The objects of addiction are also varied. Stanton Peele wrote about love addiction nearly 40 years ago. Long-term relationships lack the excitement of falling in love, particularly for people who struggle with intimacy, attachment, or self-esteem. The brain chemistry high of romantic “falling in love” may be just as enticing as cocaine. Likewise, people with self-doubts or a need for mirroring may sacrifice trust in relationships for the lure of seduction. Then there are the obvious addictive substances, such as alcohol, heroin, opioids, cocaine, tobacco, crystal meth, ecstasy, benzodiazepines, etc. And, there are addictive activities, such as gambling, sex, shopping, work, video games, overeating, excessive exercise, etc. Dr. Gabor Mate confessed to an addiction to shopping for classical music in his insightful book In the Realm of Hungry Ghosts. A seemingly benign activity became his source of shame and guilt as he compulsively spent vast amounts of money and time pursuing new purchases at the expense of work responsibilities and family relations.
Such is the nature of addiction. It robs the victim of a full, satisfying life while sustaining the victim’s illusion that the substance or activity will continue to be rewarding despite evidence to the contrary. As people in recovery know, Denial is not a river in Egypt. Denial is the cornerstone of addiction. Without denial, the addict would be tormented by cognitive dissonance. “One’s too many; a thousand’s not enough” is one of Alcoholics Anonymous’s (AA’s) slogans that captures the loss of control and insatiability of addiction. Hitting bottom is when the pain breaks through the denial and the addict is “ready for change”, in Motivational Interviewing parlance.

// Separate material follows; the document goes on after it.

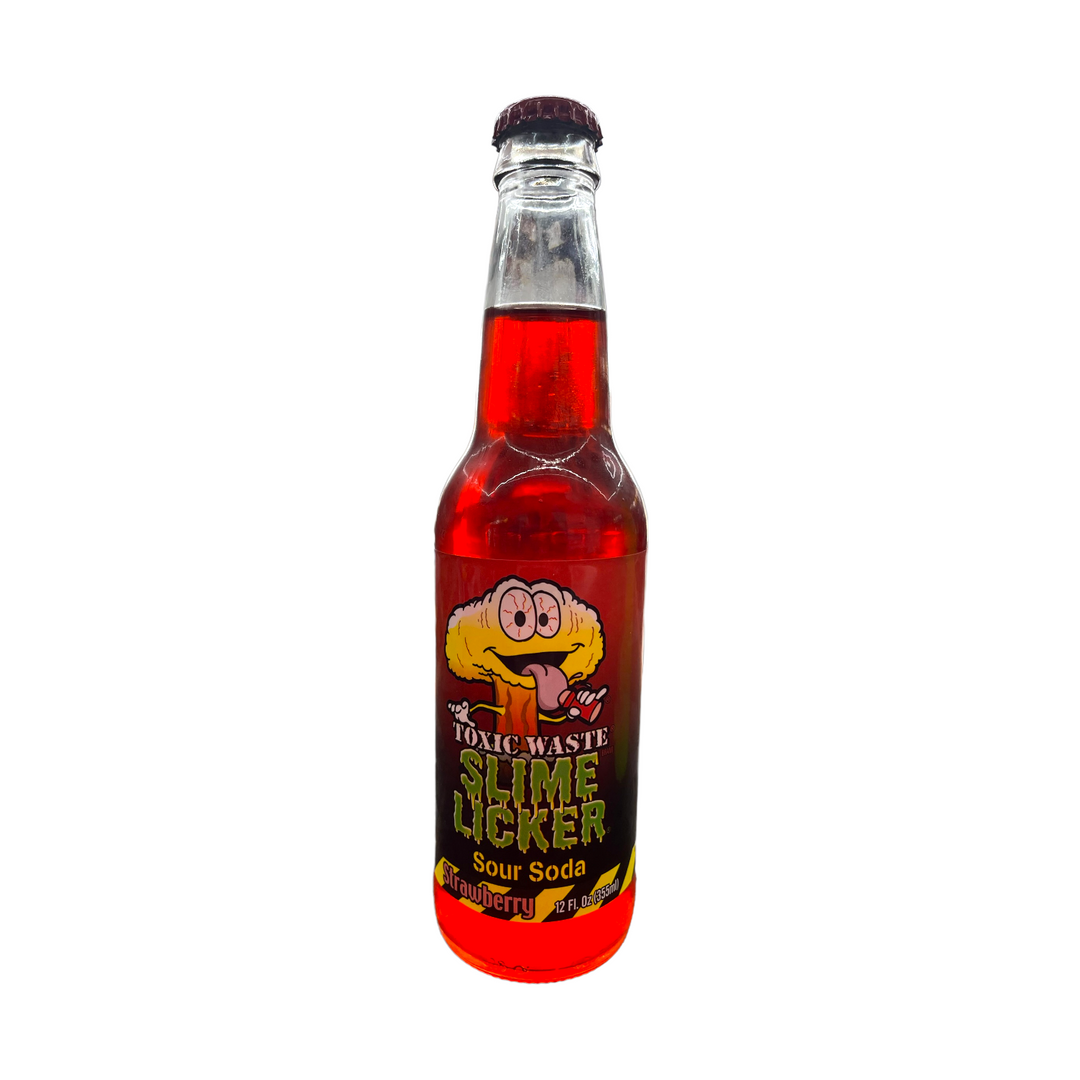 Toxic Waste Slime Licker Strawberry Sour Soda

Various theories attempt to explain addiction. One psychodynamic theory is that addictions function as a transitional object (a symbolic replacement for maternal functions). People whose early attachments failed to meet their basic needs for security have difficulty forming trusting, intimate partnerships. The addiction protects them from interpersonal vulnerability by keeping them in the illusion of self-reliance. The illusion of autonomy is comforting, but ultimately robs the addict of fulfilling, whole object relationships. Addictions create artificial needs that prevent real needs from being met. The false need is insatiable. The hungry ghost gets hungrier for what it does not need, and for what cannot fulfill.

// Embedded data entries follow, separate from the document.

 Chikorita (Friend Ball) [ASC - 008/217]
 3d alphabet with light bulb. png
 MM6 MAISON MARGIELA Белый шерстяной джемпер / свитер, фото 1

Dependency on addictive substances is marked by tolerance—needing more to get the same effect—and withdrawal—physical and psychological symptoms upon cessation of use. To avoid withdrawal, one must continue using in increasing quantities. Couple this with psychological dependency and the addict’s life becomes progressively centered around the object of addiction. Eventually, anything can become a reason to indulge. Most addictions carry guilt and shame. The divide between the private battle and public cover-ups creates an internal chasm. The victim must weave a web of deception to maintain the secret. Eros and Thanatos wage an internal war that becomes a living hell. “I’m sick and tired of being sick and tired,” is another familiar phrase in AA circles.
Amnesia, denial, rationalization and cravings are the lubricant for sliding into addictive behaviours. Rational thinking through to the consequences is temporarily foreclosed. Suffering resurfaces with fortified determination to stop, yet triggers happen and the cycle starts again. Triggers can be intolerable affect states, conditioned associations (e.g., “I always smoke when I drink.”), anniversaries, boredom, loneliness, etc. In AA, they say, “A thousand excuses, and not one good reason.” Over time, more and more things become triggers.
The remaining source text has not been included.